Una differenza di quasi 64.000 euro che dimostra in modo lampante come i costi incidano profondamente sul risultato finale del nostro Pac. «È fondamentale, quando si valuta un investimento, guardare non solo al rendimento potenziale, ma anche e soprattutto ai costi. È la variabile più facile da controllare», afferma Salvatore Gaziano.
Un altro vantaggio degli Etf è la loro naturale diversificazione. Un singolo etf può raggruppare centinaia o migliaia di titoli di diverse aziende, settori e Paesi, garantendo una ripartizione del rischio senza dover acquistare decine di strumenti diversi. Questo evita di concentrare il proprio capitale su settori «di moda» o troppo specifici, che possono essere molto volatili.
Per un Pac, che per sua natura è un investimento a lungo termine, è fondamentale investire in un paniere il più possibile ampio e diversificato, che non risenta dei cicli di mercato di un singolo settore o di un singolo Paese. Gli Etf globali, ad esempio, che replicano indici come l'Msci World, offrono proprio questa caratteristica, riducendo il rischio di entrare sul mercato "al momento sbagliato" e permettendo di beneficiare della crescita economica mondiale.
La crescente domanda di Pac in Etf ha spinto banche e broker a competere offrendo soluzioni sempre più convenienti. Oggi, è possibile costruire un piano di accumulo con commissioni di acquisto molto basse, o addirittura azzerate. Alcuni esempi? Directa: È stata pioniera in Italia offrendo un Pac automatico in Etf con zero costi di esecuzione su una vasta lista di strumenti convenzionati. È una soluzione ideale per chi vuole avere il pieno controllo e agire in autonomia. Fineco: Con il servizio Piano Replay, permette di creare un Pac su Etf con la possibilità di ribilanciamento automatico. L'offerta è particolarmente vantaggiosa per gli under 30, che possono usufruire del servizio gratuitamente. Moneyfarm: Ha recentemente lanciato il suo Pac in Etf automatico, che si aggiunge al servizio di gestione patrimoniale. Con versamenti a partire da 10 euro e commissioni di acquisto azzerate, si posiziona come una valida alternativa per chi cerca semplicità e automazione.

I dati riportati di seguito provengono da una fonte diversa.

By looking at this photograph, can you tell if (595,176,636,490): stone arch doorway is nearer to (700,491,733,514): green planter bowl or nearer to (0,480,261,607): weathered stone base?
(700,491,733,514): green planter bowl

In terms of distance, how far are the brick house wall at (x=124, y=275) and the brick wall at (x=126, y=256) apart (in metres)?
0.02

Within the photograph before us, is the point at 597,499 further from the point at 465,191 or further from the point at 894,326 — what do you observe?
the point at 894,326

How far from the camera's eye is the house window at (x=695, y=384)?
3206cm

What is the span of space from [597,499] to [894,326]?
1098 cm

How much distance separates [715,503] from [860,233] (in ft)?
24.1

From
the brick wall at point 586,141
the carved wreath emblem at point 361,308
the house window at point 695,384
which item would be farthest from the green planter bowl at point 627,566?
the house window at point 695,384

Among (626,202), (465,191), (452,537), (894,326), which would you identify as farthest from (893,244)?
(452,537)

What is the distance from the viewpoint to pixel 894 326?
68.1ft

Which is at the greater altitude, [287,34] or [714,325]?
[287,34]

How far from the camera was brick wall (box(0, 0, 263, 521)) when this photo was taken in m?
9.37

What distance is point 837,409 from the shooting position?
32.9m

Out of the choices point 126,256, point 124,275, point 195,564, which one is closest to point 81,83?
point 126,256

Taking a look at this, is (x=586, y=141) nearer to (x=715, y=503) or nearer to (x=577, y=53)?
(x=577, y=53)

Ma sono sempre più numerose le banche e le piattaforme (Trade Republic, Scalable, Revolut…) che offrono la possibilità di sottoscrivere dei Pac in etf o comunque tutte consentono di negoziare gli etf e naturalmente un aspetto importante prima di sottoscrivere un pac è valutare i costi sia dello strumento sottostante che quelli diretti e indiretti come spese fisse o di negoziazione.

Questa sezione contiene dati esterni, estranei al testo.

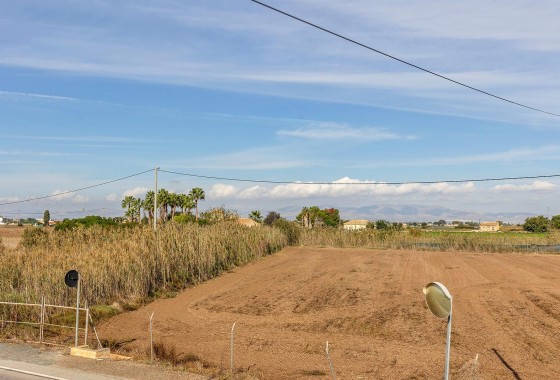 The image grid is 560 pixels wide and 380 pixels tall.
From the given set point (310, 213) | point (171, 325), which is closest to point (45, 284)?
point (171, 325)

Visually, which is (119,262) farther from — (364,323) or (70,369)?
(70,369)

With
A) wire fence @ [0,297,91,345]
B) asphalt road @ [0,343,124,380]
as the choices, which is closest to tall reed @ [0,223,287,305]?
wire fence @ [0,297,91,345]

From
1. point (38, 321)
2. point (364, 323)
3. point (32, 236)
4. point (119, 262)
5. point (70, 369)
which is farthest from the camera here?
point (32, 236)

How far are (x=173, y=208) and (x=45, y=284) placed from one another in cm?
5548

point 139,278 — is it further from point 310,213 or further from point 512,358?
point 310,213

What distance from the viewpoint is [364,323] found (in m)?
23.5

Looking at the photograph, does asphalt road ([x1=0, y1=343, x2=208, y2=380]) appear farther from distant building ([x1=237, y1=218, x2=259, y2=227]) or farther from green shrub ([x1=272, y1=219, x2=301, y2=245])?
green shrub ([x1=272, y1=219, x2=301, y2=245])

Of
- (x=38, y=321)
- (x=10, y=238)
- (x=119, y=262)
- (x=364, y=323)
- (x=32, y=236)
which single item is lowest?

La scelta della piattaforma dipende dalle esigenze di ciascuno, ma il punto fermo rimane l'importanza di investire in strumenti diversificati e con costi contenuti. Per un investimento di lungo periodo, è fondamentale scegliere un paniere che non sia troppo tematico o «alla moda» secondo SoldiExpert SCF ma che rifletta una diversificazione ampia a livello di settori e Paesi. Questo è il miglior antidoto contro la volatilità e le mode del momento.
«Come consulenti finanziari indipendenti ovvero soggetti iscritti all’Albo Ocf (obbligatorio per chi in Italia fornisce consigli di investimento)», spiega Gaziano, «forniamo un’ampia consulenza senza conflitti di interesse (siamo pagati solo a parcella e non riceviamo commissioni sui prodotti o strumenti consigliati) a piccoli e grandi investitore e supportiamo i clienti nella scelta del Pac migliore a partire dalla scelta dell’intermediario e poi degli strumenti migliori o valutiamo se già sono stati attivati dei Pac magari in fondi di investimento se superano la valutazione costi-benefici».